What's the rationale behind the formula used in the program of this Hadoop tutorial on calculating Wikipedia trends?
There are actually two components: a monthly trend and a daily trend. I'm going to focus on the daily trend, but similar questions apply to the monthly one.
In the daily trend, pageviews is an array of number of page views per day for this topic, one element per day, and total_pageviews is the sum of this array:
# pageviews for most recent day
y2 = pageviews[-1]
# pageviews for previous day
y1 = pageviews[-2]
# Simple baseline trend algorithm
slope = y2 - y1
trend = slope * log(1.0 +int(total_pageviews))

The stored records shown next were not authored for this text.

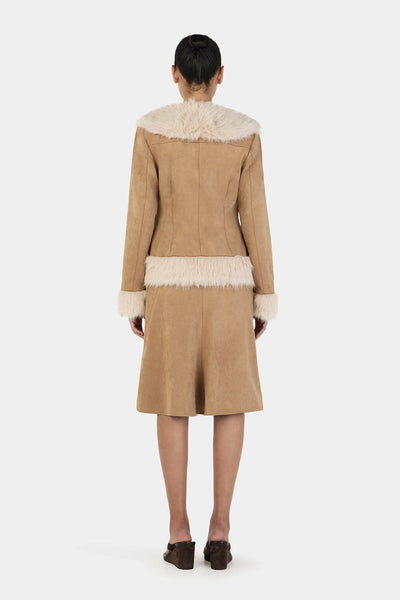 A rear-angle shot focusing on the lower half of the coat, illustrating the smooth drape of the fully lined tan suede body meeting the dense cream faux fur hemband.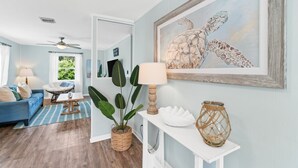 Een woonkamer met een blauwe bank, een ronde stoel, een potplant, een lamp en een kunstwerk van een zeeschildpad.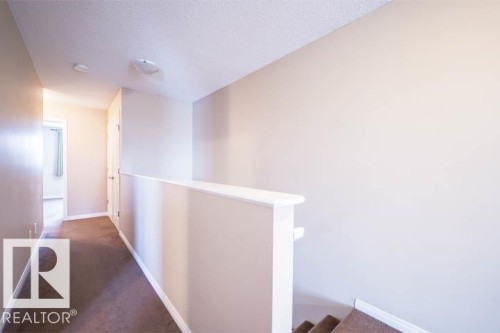 Hallway featuring an upstairs landing, carpet, and a textured ceiling - 3117 Arthurs Crescent, Edmonton, AB - Indoor Photo Showing Other Room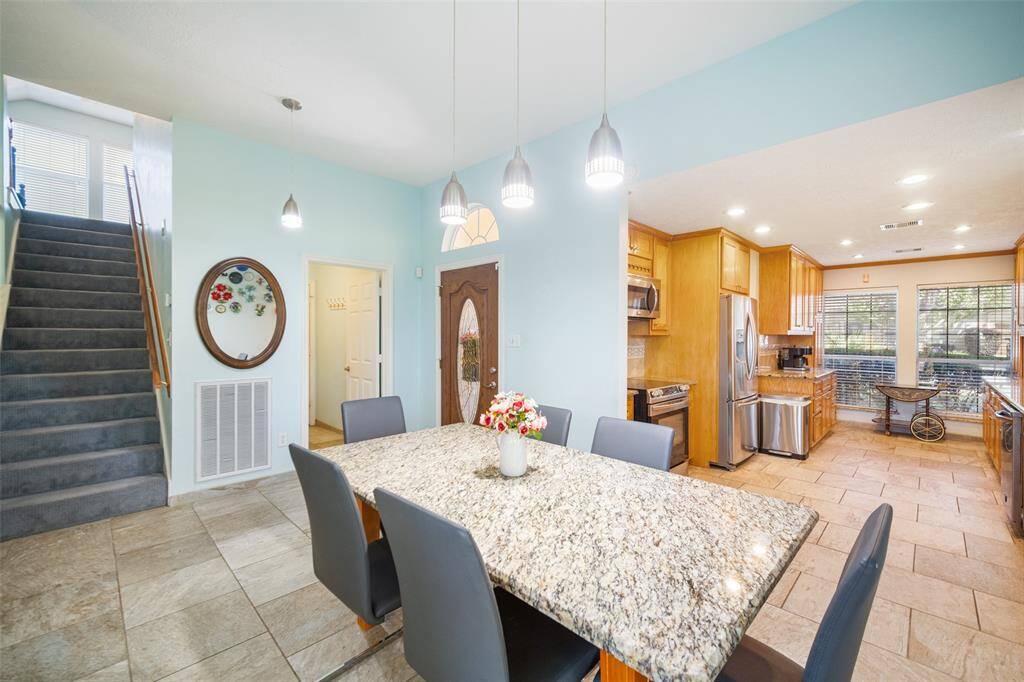 The breakfast room is open to the galley kitchen, allowing for an effortless flow between the two rooms.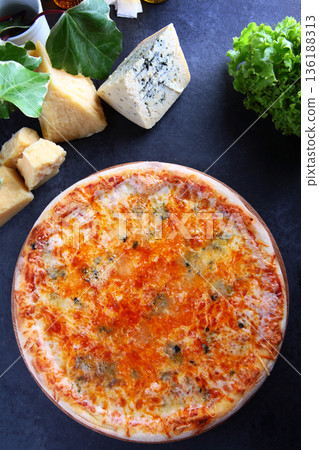 Classic Italian pizza with four cheeses. Slices of cheese are next to each other on the table. Cheese with mold. Top view. Black background. 136188313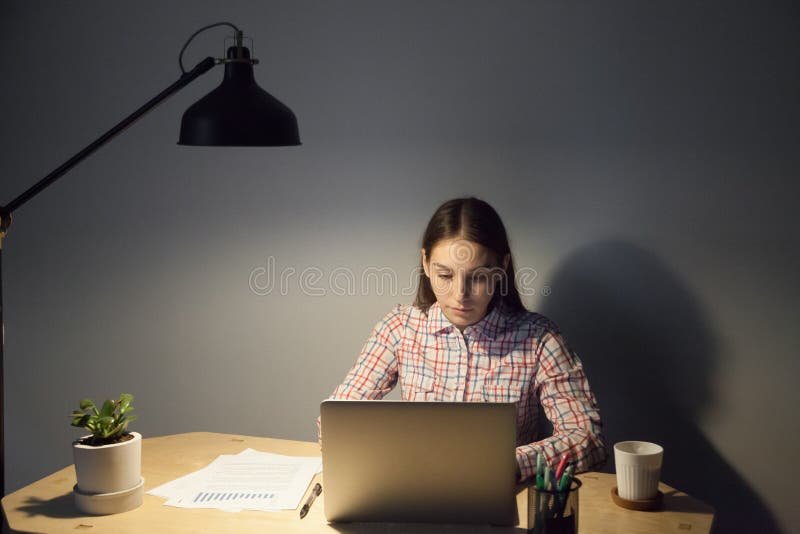 Empregado adulto novo que faz o relatório da noite atrasada imagem de stock royalty free Empregado adulto novo que faz o relatório da noite atrasada imagem de stock royalty free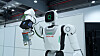 Weißer humanoider Roboter mit Greifarm in einer modernen Industriehalle.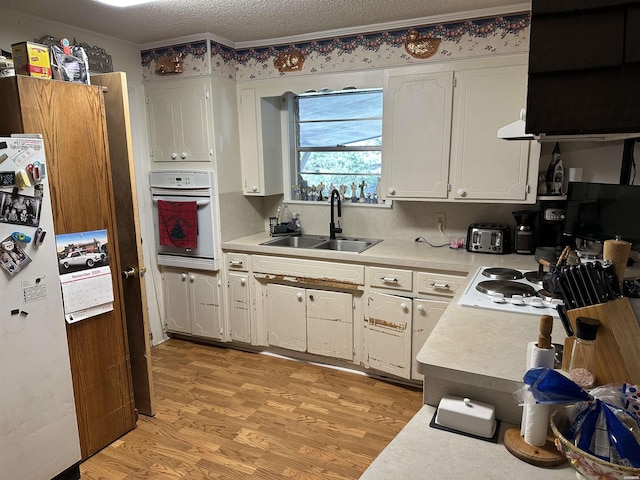 kitchen with white cabinets, white appliances, light countertops, and a sink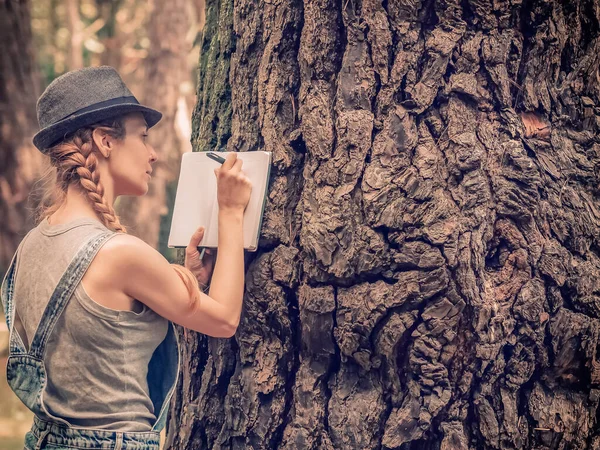 Une jeune fille aux cheveux blonds dans un chapeau prend des notes dans un cahier appuyé sur un tronc massif d'un arbre forestier — Photo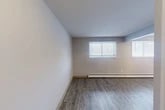 Located on Jamesville Avenue in Syracuse, NY, this one-bedroom, one-bathroom unit offers a practical and efficiently organized single-floor layout. The living room is the largest area of the unit, featuring durable grey wood-style plank flooring, neutral light grey walls, and two windows fitted with horizontal blinds that allow natural light to fill the space. A baseboard heating system runs along the exterior walls throughout the unit, ensuring consistent warmth. The bedroom is a cozy, private space with its own window and baseboard heater, maintaining the same flooring and clean aesthetic found throughout. The kitchen is equipped with white cabinetry offering ample upper and lower storage, light speckled countertops, a stainless steel sink, and under-cabinet lighting. The bathroom includes a full tub and shower combination with a curtain rod and brushed nickel fixtures. A dedicated vanity area with a lighted mirror and built-in shelf is conveniently located adjacent to two closets, providing functional storage solutions. The entrance leads smoothly into the main living area, giving the unit a logical and accessible flow. Overall, the space presents a clean, move-in ready environment with consistent finishes throughout.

error = 1.0/sqrt(int(total_pageviews))
return trend, error
I know what it's doing superficially: it just looks at the change over the past day (slope), and scales this up to the log of 1+total_pageviews (log(1)==0, so this scaling factor is non-negative). It can be seen as treating the month's total pageviews as a weight, but tempered as it grows - this way, the total pageviews stop making a difference for things that are "popular enough," but at the same time big changes on insignificant don't get weighed as much.
But why do this? Why do we want to discount things that were initially unpopular? Shouldn't big deltas matter more for items that have a low constant popularity, and less for items that are already popular (for which the big deltas might fall well within a fraction of a standard deviation)? As a strawman, why not simply take y2-y1 and be done with it?

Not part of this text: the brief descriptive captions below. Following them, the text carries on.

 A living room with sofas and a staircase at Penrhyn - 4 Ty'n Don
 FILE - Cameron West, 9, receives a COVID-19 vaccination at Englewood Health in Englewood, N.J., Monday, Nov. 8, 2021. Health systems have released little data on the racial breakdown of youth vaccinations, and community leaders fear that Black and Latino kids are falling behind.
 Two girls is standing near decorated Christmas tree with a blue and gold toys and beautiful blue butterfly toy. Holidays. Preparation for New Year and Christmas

And what would the error be useful for? The tutorial doesn't really use it meaningfully again. Then again, it doesn't tell us how trend is used either - this is what's plotted in the end product, correct?
Where can I read up for a (preferably introductory) background on the theory here? Is there a name for this madness? Is this a textbook formula somewhere?

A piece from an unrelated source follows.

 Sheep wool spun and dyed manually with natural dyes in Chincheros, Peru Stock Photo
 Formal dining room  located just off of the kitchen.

Thanks in advance for any answers (or discussion!).
As the in-line comment goes, this is a simple "baseline trend algorithm",
which basically means before you compare the trends of two different pages, you have to establish
a baseline. In many cases, the mean value is used, it's straightforward if you
plot the pageviews against the time axis. This method is widely used in monitoring
water quality, air pollutants, etc. to detect any significant changes w.r.t the baseline.
In OP's case, the slope of pageviews is weighted by the log of totalpageviews.
This sorta uses the totalpageviews as a baseline correction for the slope. As Simon put it, this puts a balance
between two pages with very different totalpageviews.
For exmaple, A has a slope 500 over 1000,000 total pageviews, B is 1000 over 1,000.
A log basically means 1000,000 is ONLY twice more important than 1,000 (rather than 1000 times).
If you only consider the slope, A is less popular than B.
But with a weight, now the measure of popularity of A is the same as B. I think it is quite intuitive:
though A's pageviews is only 500 pageviews, but that's because it's saturating, you still gotta give it enough credit.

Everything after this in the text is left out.